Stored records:
((
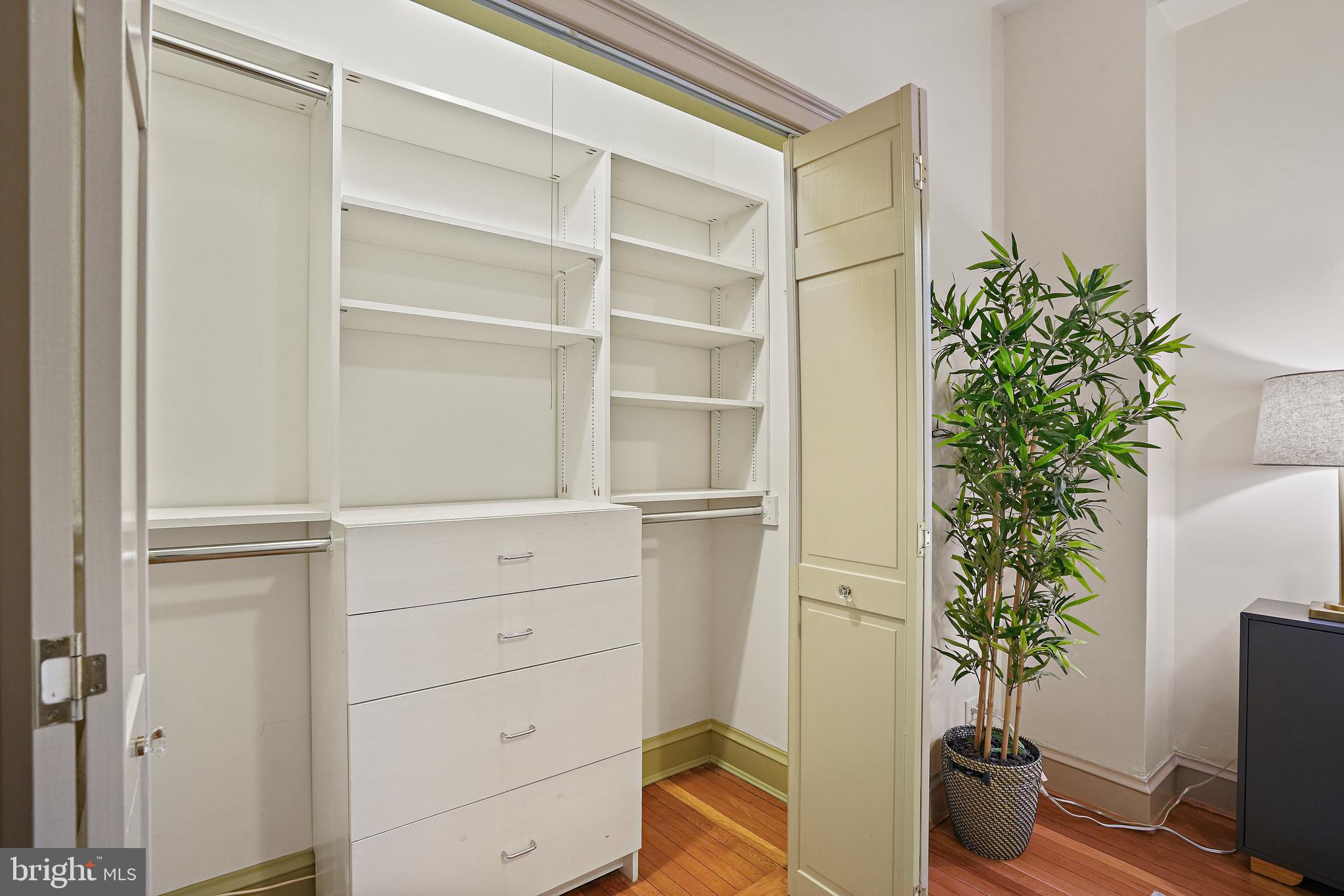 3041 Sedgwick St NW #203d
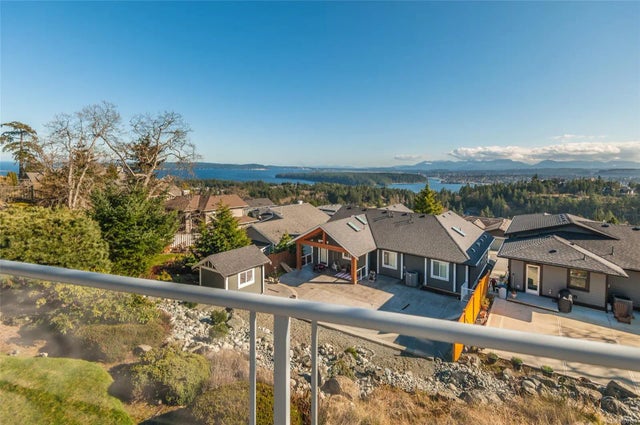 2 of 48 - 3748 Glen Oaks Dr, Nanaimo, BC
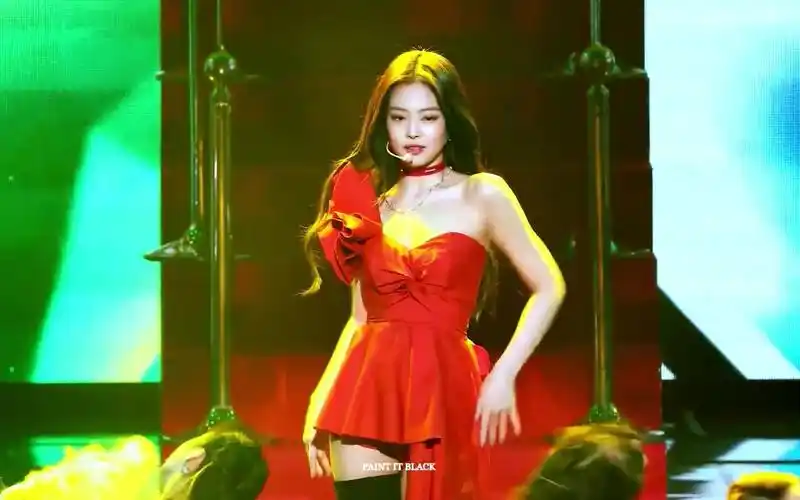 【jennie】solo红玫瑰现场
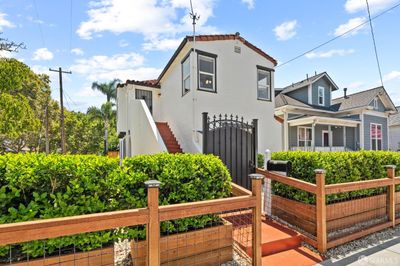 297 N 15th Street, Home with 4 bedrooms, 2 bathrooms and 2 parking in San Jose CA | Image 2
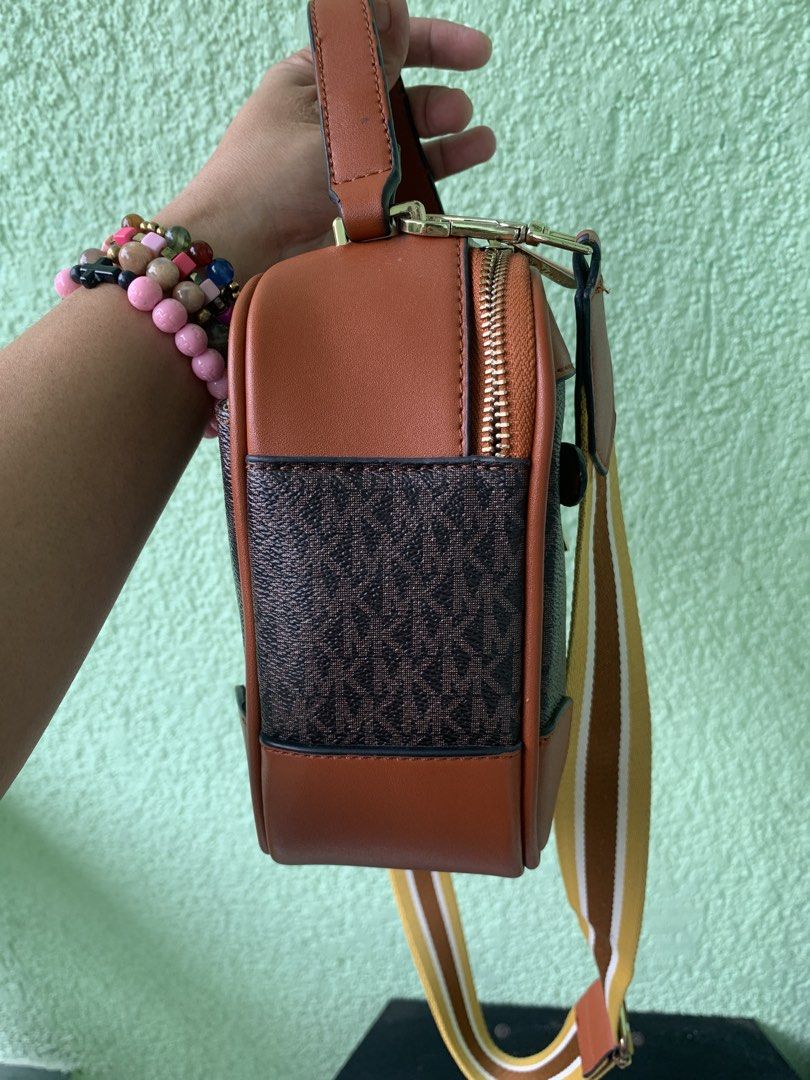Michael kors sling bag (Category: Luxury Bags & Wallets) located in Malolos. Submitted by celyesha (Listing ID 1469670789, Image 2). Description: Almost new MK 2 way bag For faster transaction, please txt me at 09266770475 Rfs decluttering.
))
Restate word for word the lines from the one holding "297 N 15th Street, Home" down through the last line of the records above, and do not include the pictures.

Output of the exercise:
 297 N 15th Street, Home with 4 bedrooms, 2 bathrooms and 2 parking in San Jose CA | Image 2
Michael kors sling bag (Category: Luxury Bags & Wallets) located in Malolos. Submitted by celyesha (Listing ID 1469670789, Image 2). Description: Almost new MK 2 way bag For faster transaction, please txt me at 09266770475 Rfs decluttering.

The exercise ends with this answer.